It happens and I seriously never claimed that it was an ultra common problem, merely that upgrades in Postgres are more intentional and not painful except for a little extra work between major versions. The standard upgrade path within major versions; 9.x or 10.x or 11.x or 12.x is working just the same as MySQL, except I have much more experience of MySQL completely fumbling their “automatic unattended” upgrade or even the mysql_upgrade command.

Mostly because in the real world outside of engineering cultures databasen are massively abused, ISAM tables that are constantly updated, InnoDB ibdata1 in the terabytes, poor configs, replicas that have skipped a few queries, column changes inside a transaction that failed but actually modified data, it happens. Usually I am called in to clean the mess.

Major difference here is that Postgres doesn’t leave a mess, so I never have the kind of issues that I am describing in this thread with it, and you don’t because I am guessing that you’re there when they’re installed, someone with knowledge was actively maintaining. or you have a lot of people to help with shortcomings.

If you say what you’re trying to actually achieve I can help with a solution, but asking if it supports an arbitrary feature is not going to get the answer you want because depending on what you’re actually using an archive table for, Postgres might have something already built in but it will almost assuredly not be exactly like an archive table storage type.
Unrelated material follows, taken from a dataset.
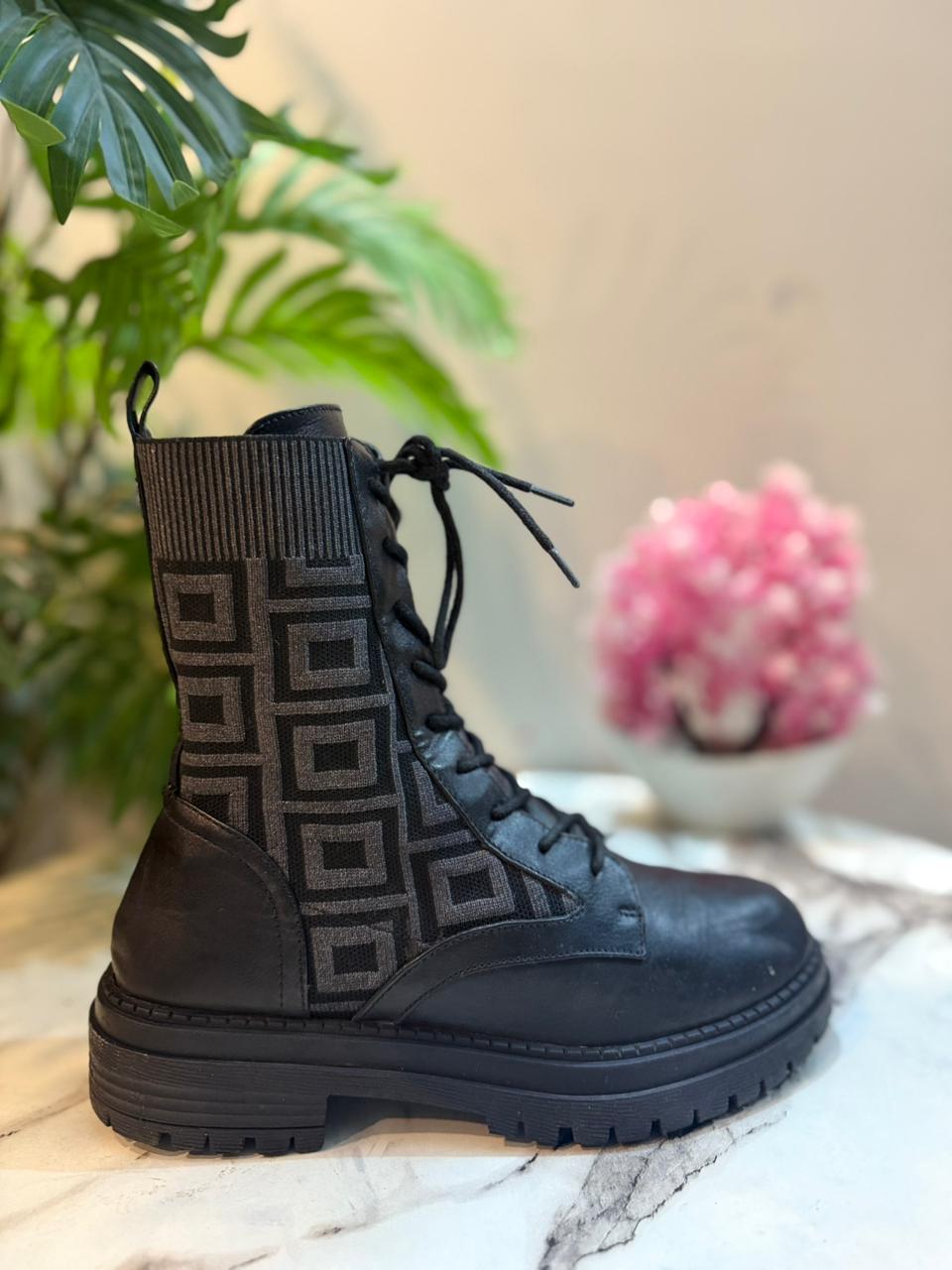 Black ankle boot (La strada)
Yes, for over half a decade at least, but “binlog” is a MySQL term, for postgresql it has the much more apt name: write-ahead log.

it is the only official, in-binary replication mechanism.

PostgreSQL every time, unless you have a specific reason, or as already pointed out, you’re sure you don’t just need SQLite.

PSQL in my experience has vastly better tooling, community, and is ahead of the curve tech wise. Same with extensions availability. Or perhaps you need to move away from it to say CockroachDB, or similar which is much easier.

Choose whichever one you/your team is more familiar with. Both are battle-tested and proven and will likely scale to whatever needs you have.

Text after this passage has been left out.